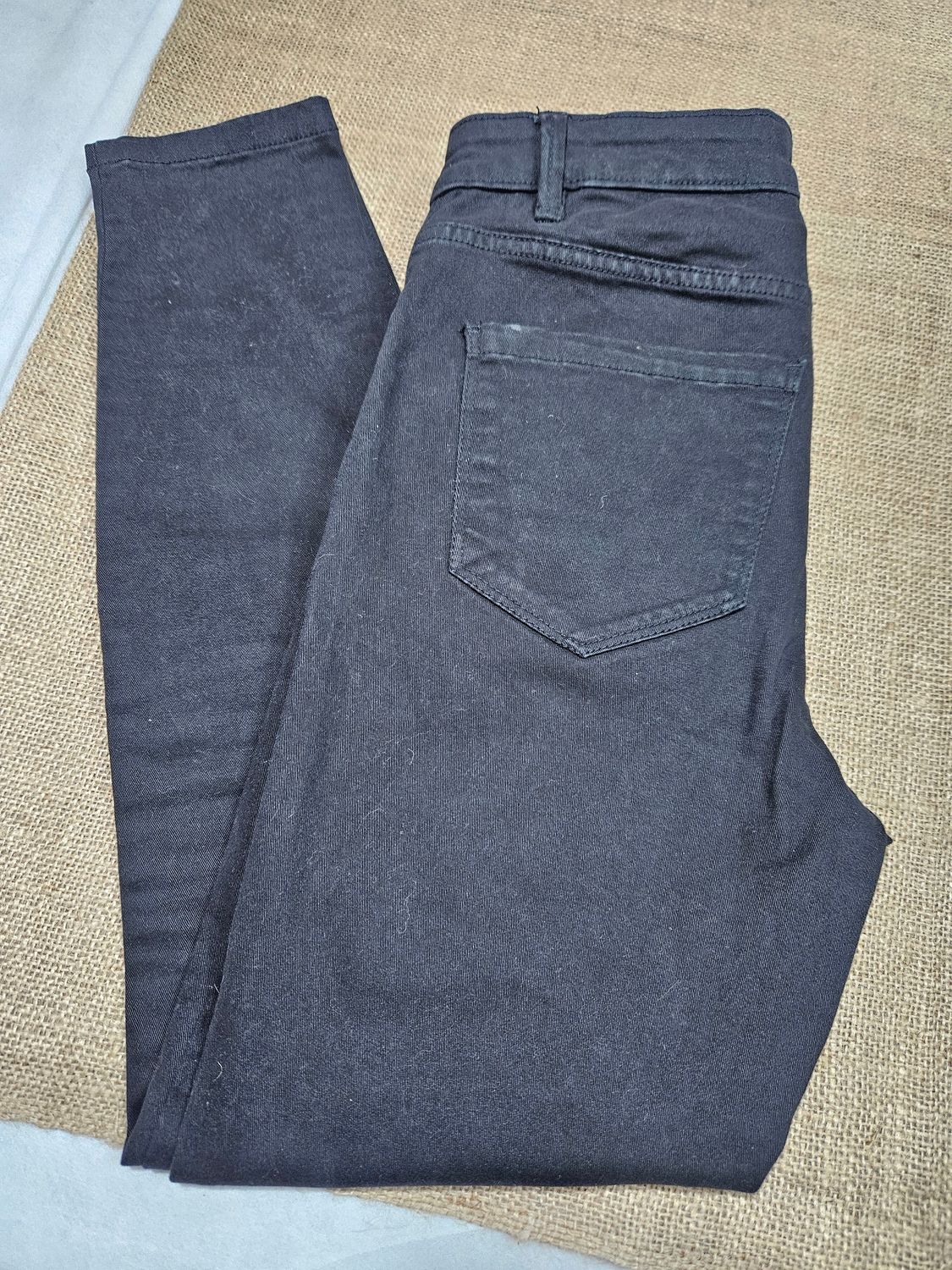 PANTALON DE JEAN PARA DAMA, ELASTIZADO, COLOR NEGRO, DENIM WOMAN, TALLE 36. IMPECABLE.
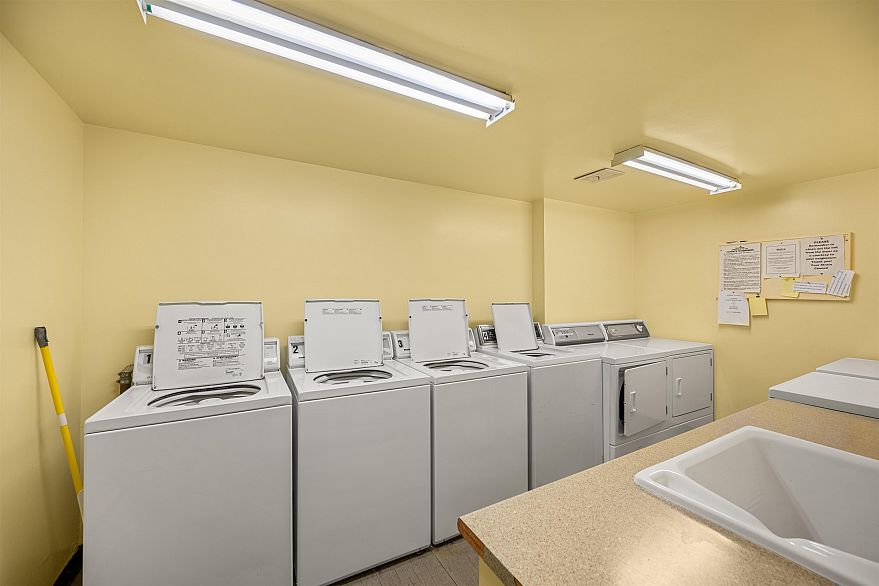 308 1266 W 13th Avenue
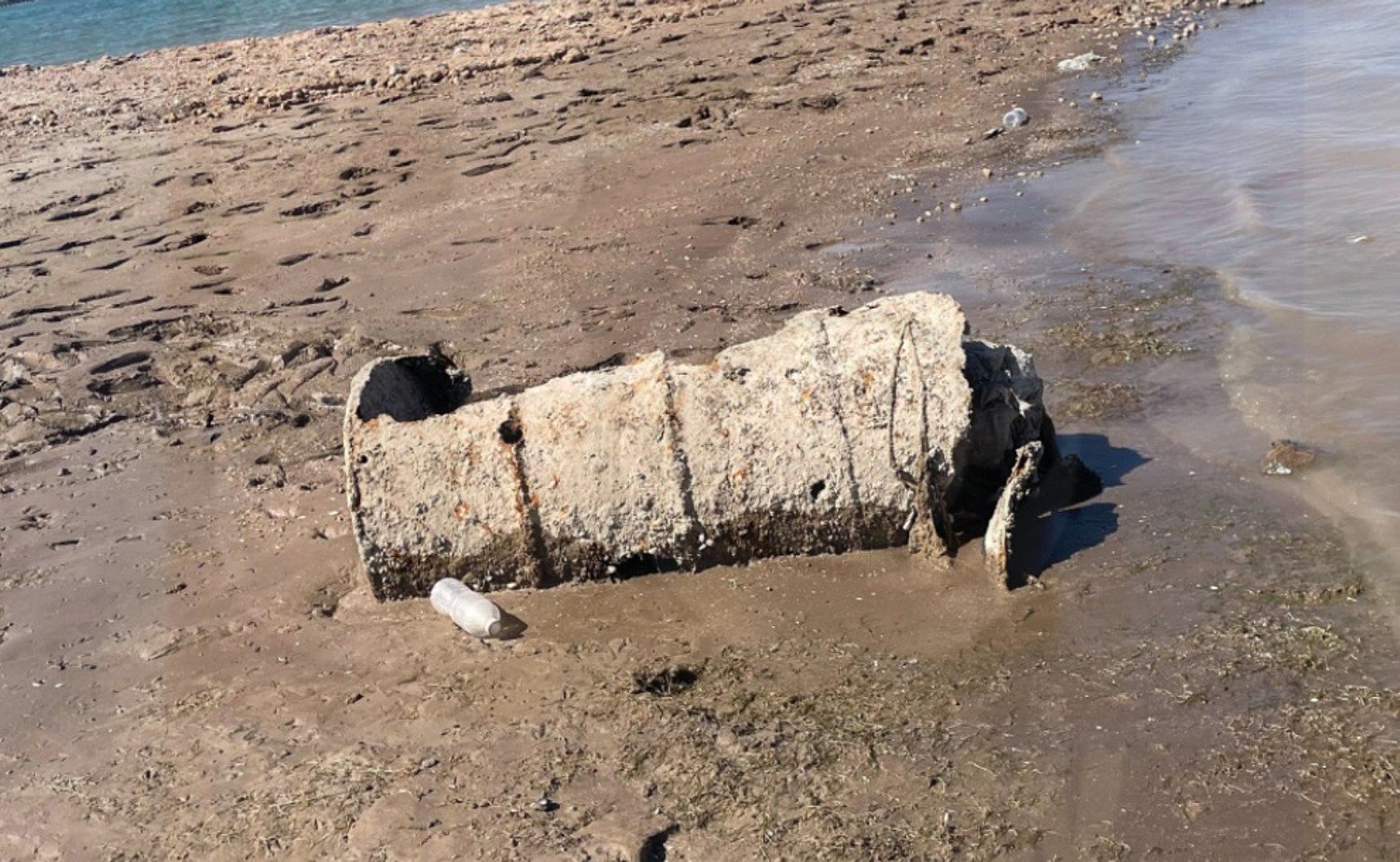 body barrel Lake Mead Hemenway Harbor mafia remains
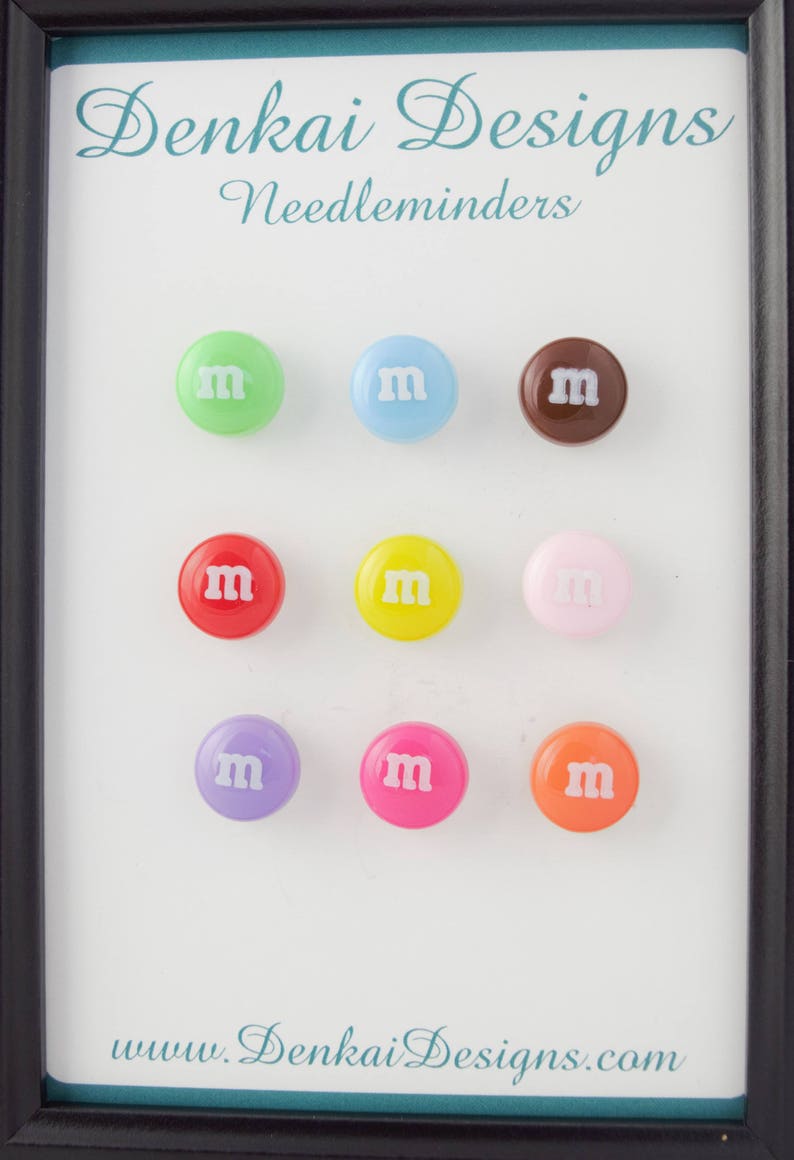 Set of 2 Candy Needleminders / Chocolate Needleminders / M n M inspired Needle Minders zdjęcie 1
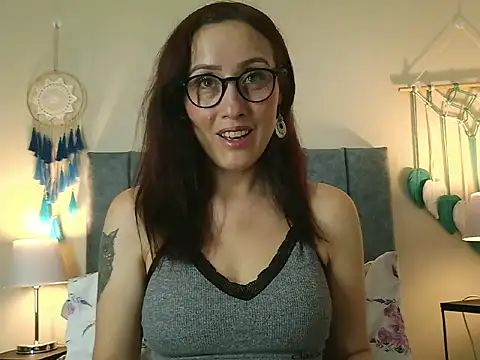 IberianMoonMK online show from April 17, 2026, 5:49 pm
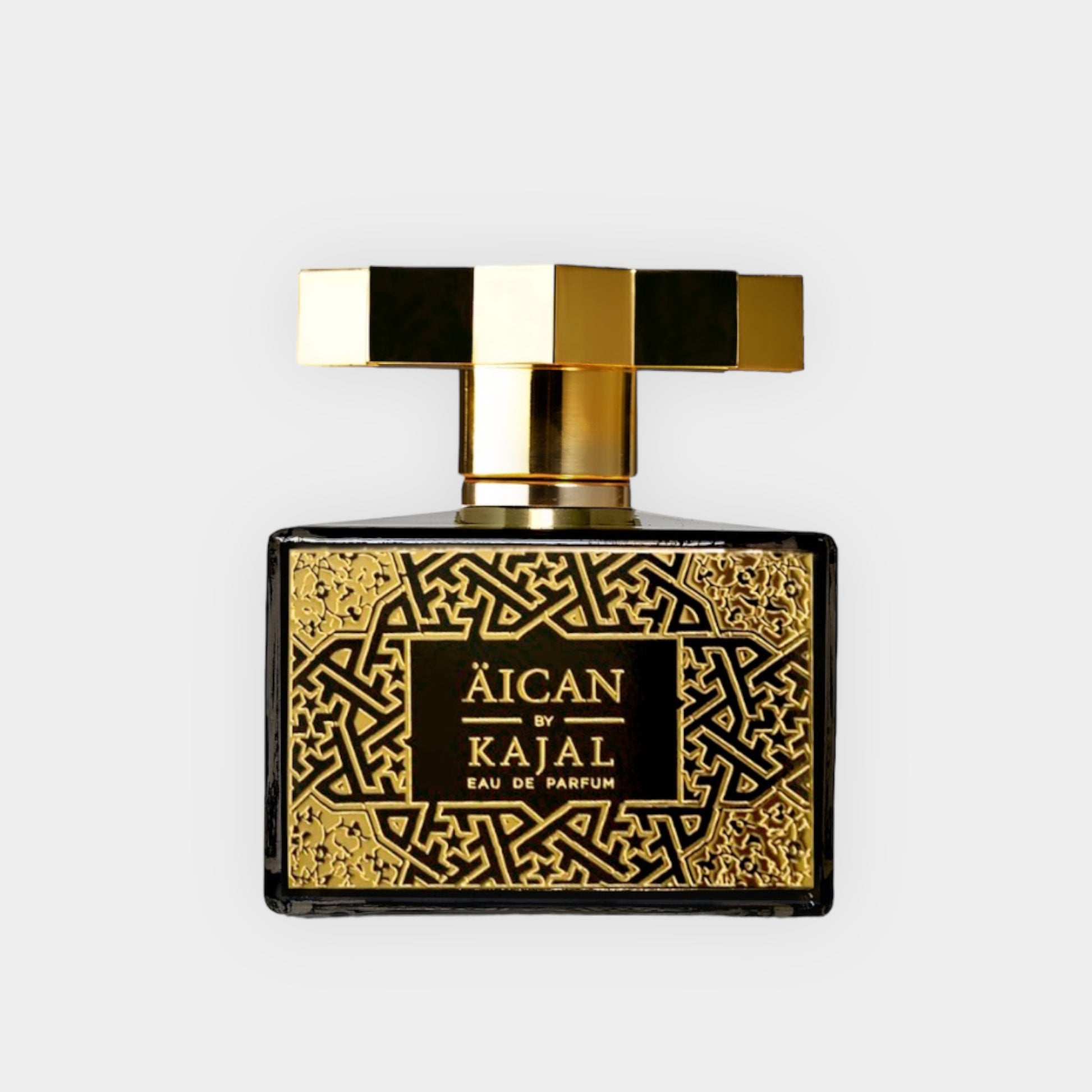 Kajal Aican volle fles, een elegante parfumfles versierd met gouden en zwarte details en een opvallende geometrische dop.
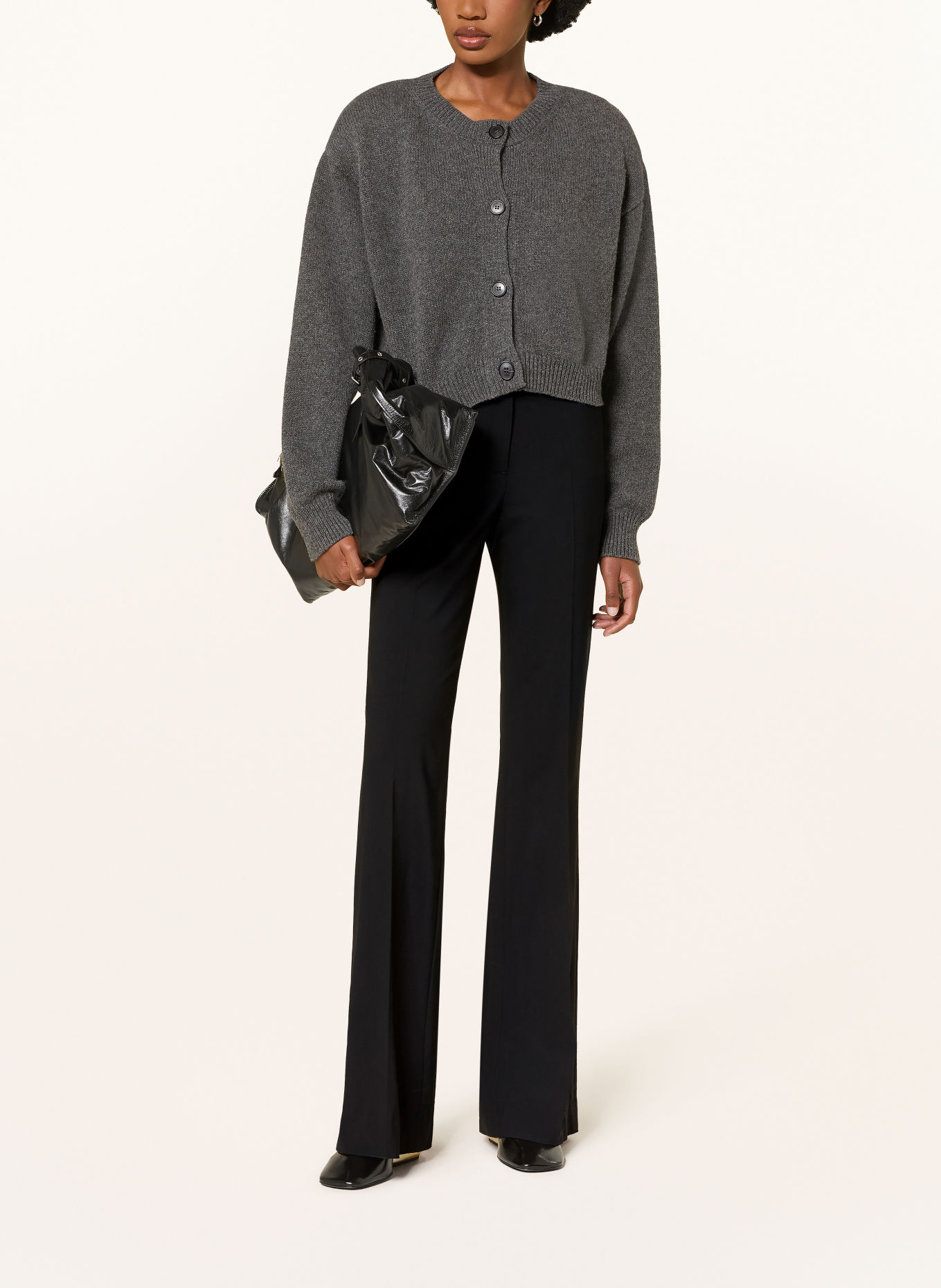 RHÚNE Bootcut-Hose REY: SCHWARZ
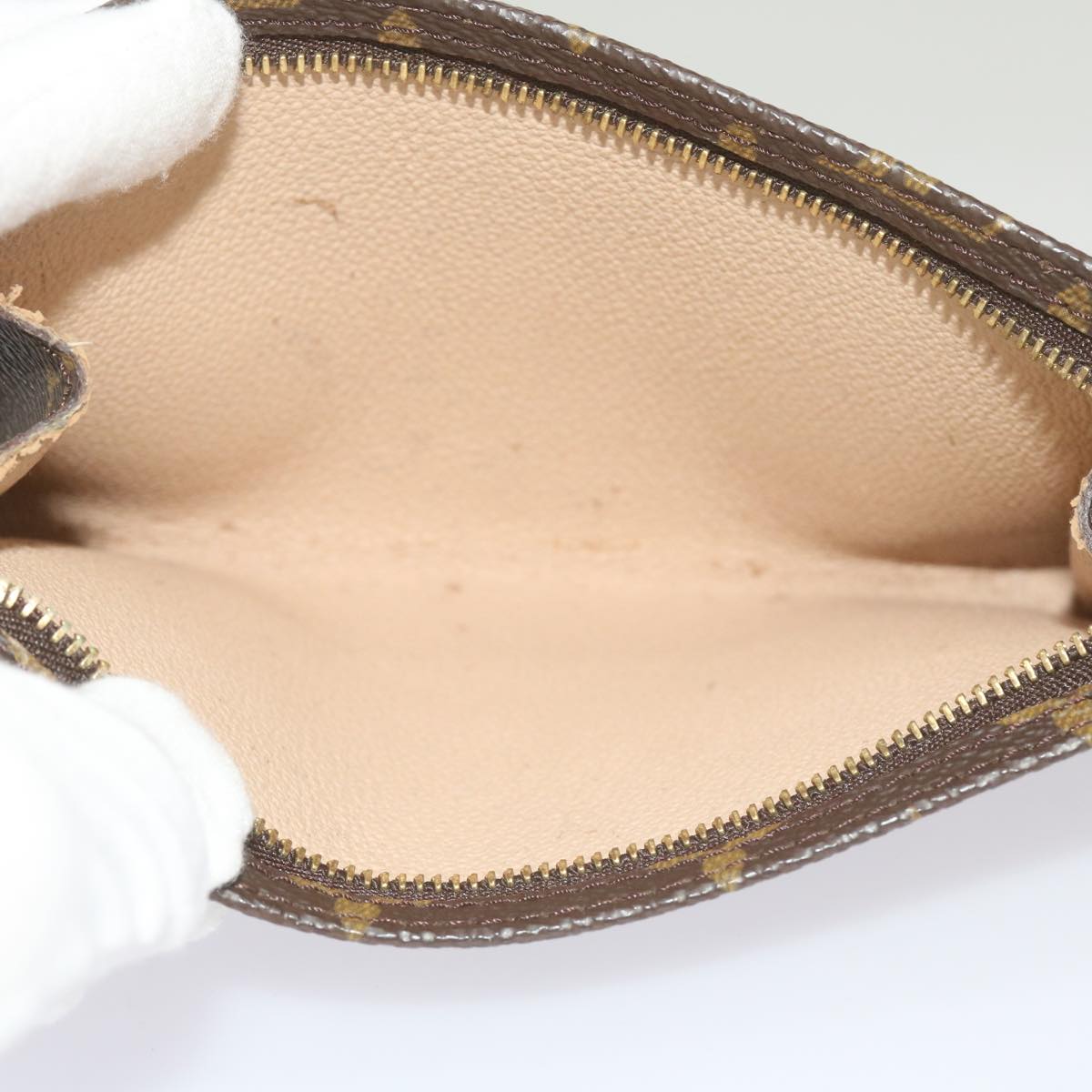 Louis Vuitton Bucket Pm  Canvas Clutch Bag ()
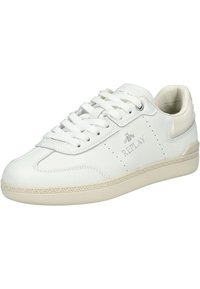 Baskets en cuir blanc avec bout arrondi, accents perforés et semelle en caoutchouc beige texturé. Comprend des lacets blancs et un logo en relief.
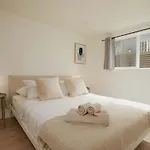 Cozy 2Br Condo Near Beverly Hills And Culver City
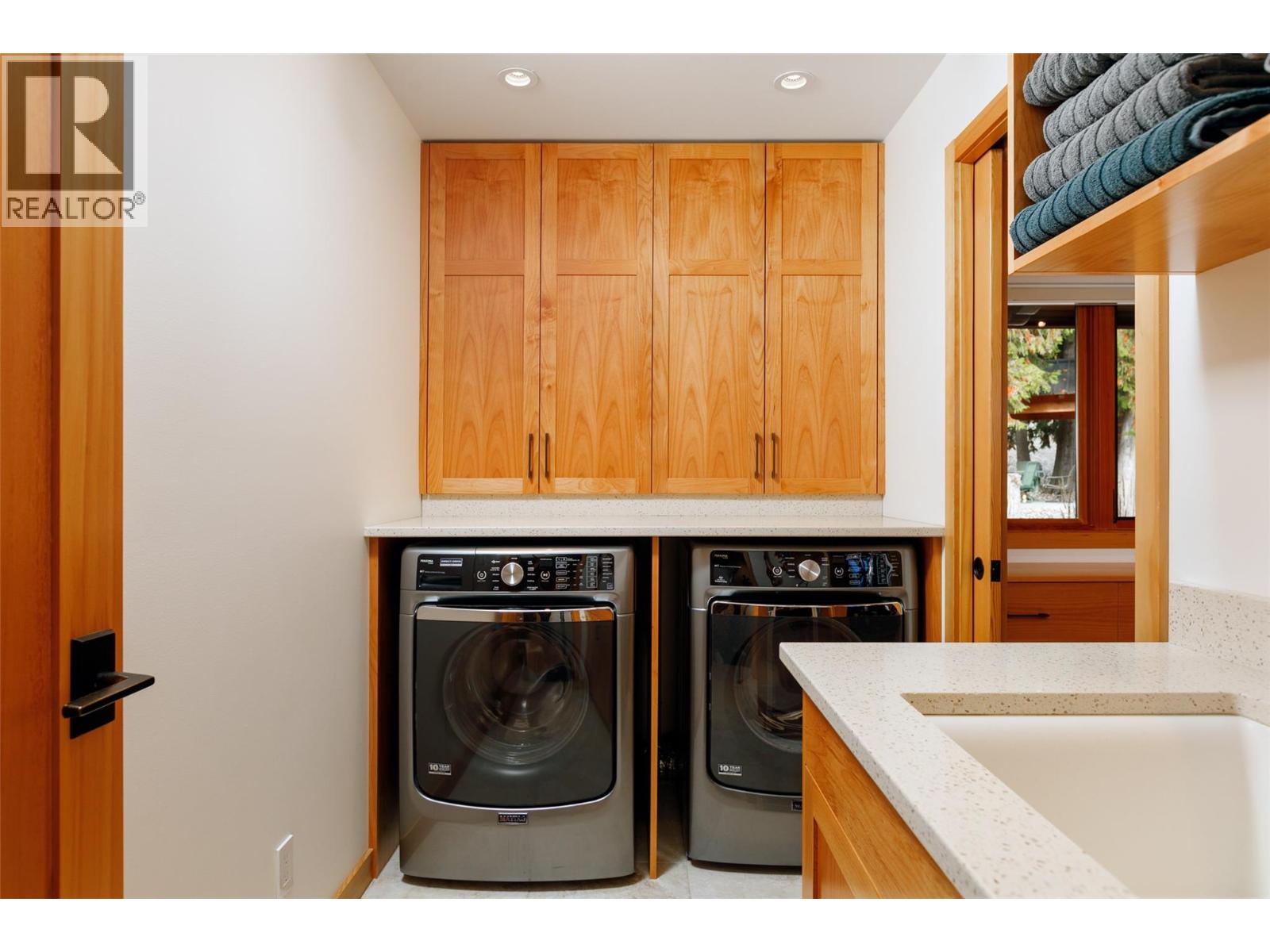 8100/8104 Silver Star Road Road - 55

● ● ● ● ●

ACTIVITY → From the line with "Kajal Aican volle" to the last line of the material, both inclusive, set down every line exactly and nothing else; omit pictures.

TASK RESPONSE →
 Kajal Aican volle fles, een elegante parfumfles versierd met gouden en zwarte details en een opvallende geometrische dop.
 RHÚNE Bootcut-Hose REY: SCHWARZ
 Louis Vuitton Bucket Pm  Canvas Clutch Bag ()
 Baskets en cuir blanc avec bout arrondi, accents perforés et semelle en caoutchouc beige texturé. Comprend des lacets blancs et un logo en relief.
 Cozy 2Br Condo Near Beverly Hills And Culver City
 8100/8104 Silver Star Road Road - 55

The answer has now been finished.